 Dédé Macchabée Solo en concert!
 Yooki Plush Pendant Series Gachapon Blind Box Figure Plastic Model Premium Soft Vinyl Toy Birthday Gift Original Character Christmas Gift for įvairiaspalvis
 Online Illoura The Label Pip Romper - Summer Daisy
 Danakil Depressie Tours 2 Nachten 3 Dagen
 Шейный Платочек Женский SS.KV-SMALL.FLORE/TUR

........

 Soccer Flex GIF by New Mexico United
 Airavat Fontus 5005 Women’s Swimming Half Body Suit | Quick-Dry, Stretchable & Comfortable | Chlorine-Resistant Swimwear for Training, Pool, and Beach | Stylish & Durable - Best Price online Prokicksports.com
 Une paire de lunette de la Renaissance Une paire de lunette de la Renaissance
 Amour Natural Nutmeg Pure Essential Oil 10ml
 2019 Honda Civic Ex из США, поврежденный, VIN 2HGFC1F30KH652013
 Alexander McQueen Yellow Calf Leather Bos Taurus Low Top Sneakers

........

From the records above, extract exactly and only the lines that begin at the line with "Airavat Fontus 5005" and stop after the line with "Alexander McQueen Yellow".

EXERCISE SOLUTION -
 Airavat Fontus 5005 Women’s Swimming Half Body Suit | Quick-Dry, Stretchable & Comfortable | Chlorine-Resistant Swimwear for Training, Pool, and Beach | Stylish & Durable - Best Price online Prokicksports.com
 Une paire de lunette de la Renaissance Une paire de lunette de la Renaissance
 Amour Natural Nutmeg Pure Essential Oil 10ml
 2019 Honda Civic Ex из США, поврежденный, VIN 2HGFC1F30KH652013
 Alexander McQueen Yellow Calf Leather Bos Taurus Low Top Sneakers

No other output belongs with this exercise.